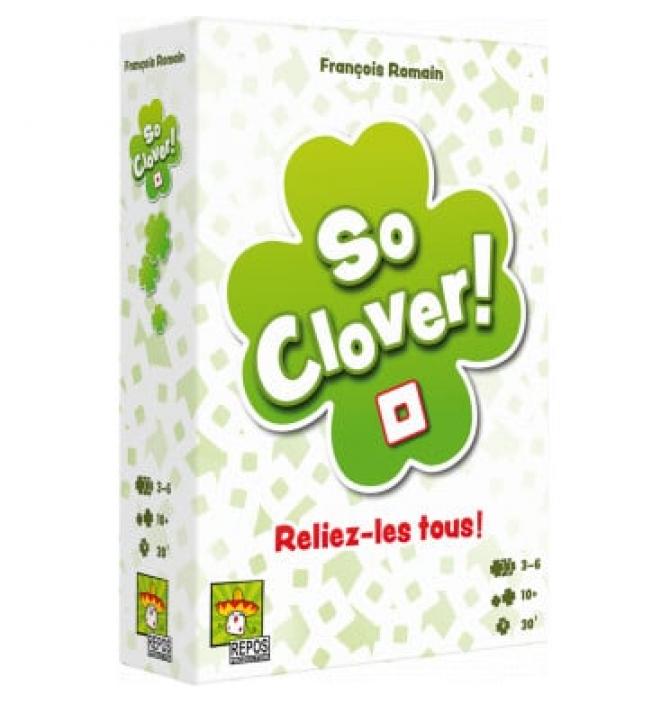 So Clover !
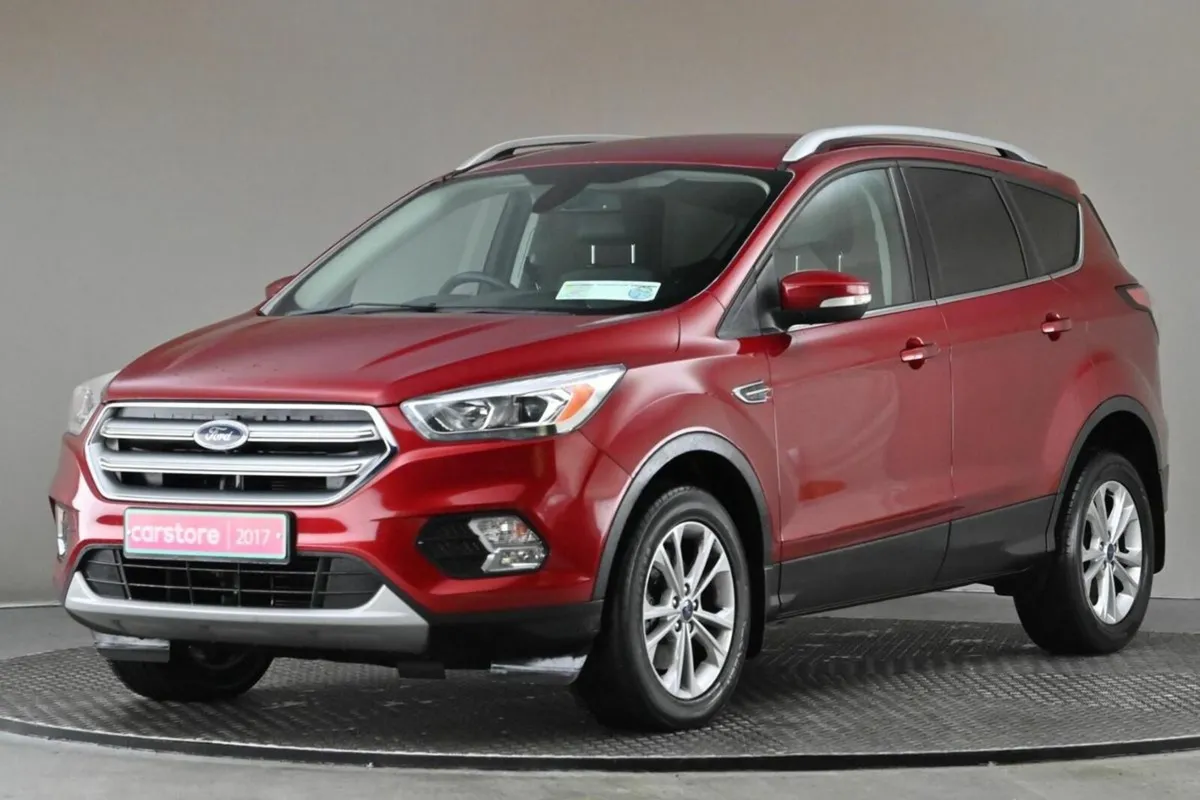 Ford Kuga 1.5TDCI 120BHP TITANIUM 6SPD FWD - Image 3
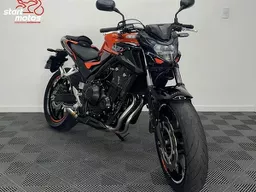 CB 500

==

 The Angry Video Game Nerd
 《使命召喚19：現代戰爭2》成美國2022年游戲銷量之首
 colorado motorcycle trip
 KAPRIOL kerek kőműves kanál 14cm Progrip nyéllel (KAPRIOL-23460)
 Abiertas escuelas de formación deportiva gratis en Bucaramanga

• [The task] Everything above from the line containing "colorado motorcycle trip" down to the line containing "Abiertas escuelas de" is to be transcribed exactly, with both of those lines included and nothing else added.

• [Problem solution]
 colorado motorcycle trip
 KAPRIOL kerek kőműves kanál 14cm Progrip nyéllel (KAPRIOL-23460)
 Abiertas escuelas de formación deportiva gratis en Bucaramanga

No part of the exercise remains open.